**What you have to do**
Please set out each line below exactly as it stands, without the images.
Material provided Block Start
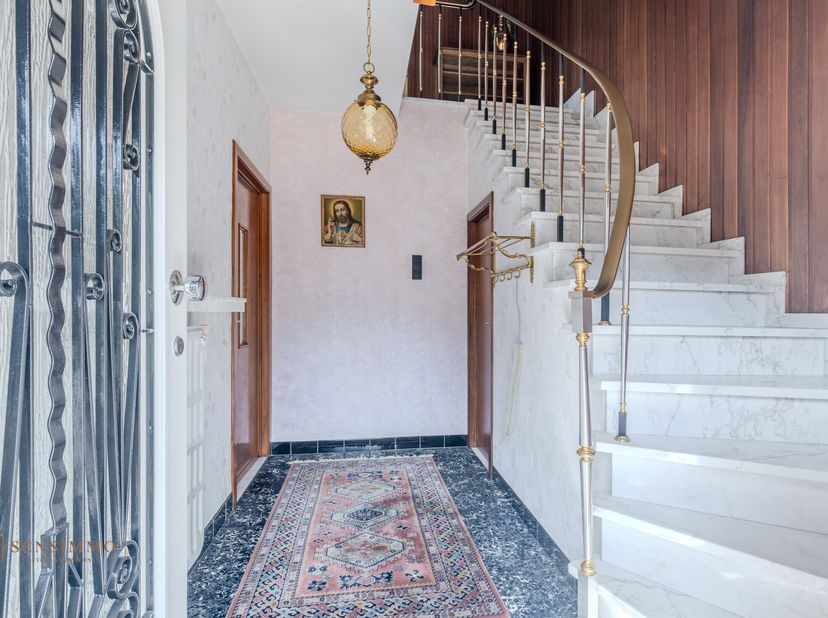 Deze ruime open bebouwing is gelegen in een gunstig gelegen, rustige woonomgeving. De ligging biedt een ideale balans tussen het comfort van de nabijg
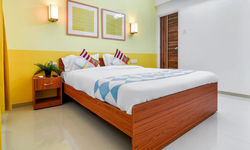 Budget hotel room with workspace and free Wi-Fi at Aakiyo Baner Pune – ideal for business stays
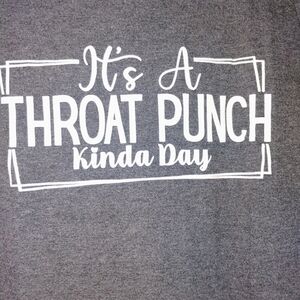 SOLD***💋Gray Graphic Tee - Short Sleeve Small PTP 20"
Material provided Block End
**Task solution**
 Deze ruime open bebouwing is gelegen in een gunstig gelegen, rustige woonomgeving. De ligging biedt een ideale balans tussen het comfort van de nabijg
 Budget hotel room with workspace and free Wi-Fi at Aakiyo Baner Pune – ideal for business stays
 SOLD***💋Gray Graphic Tee - Short Sleeve Small PTP 20"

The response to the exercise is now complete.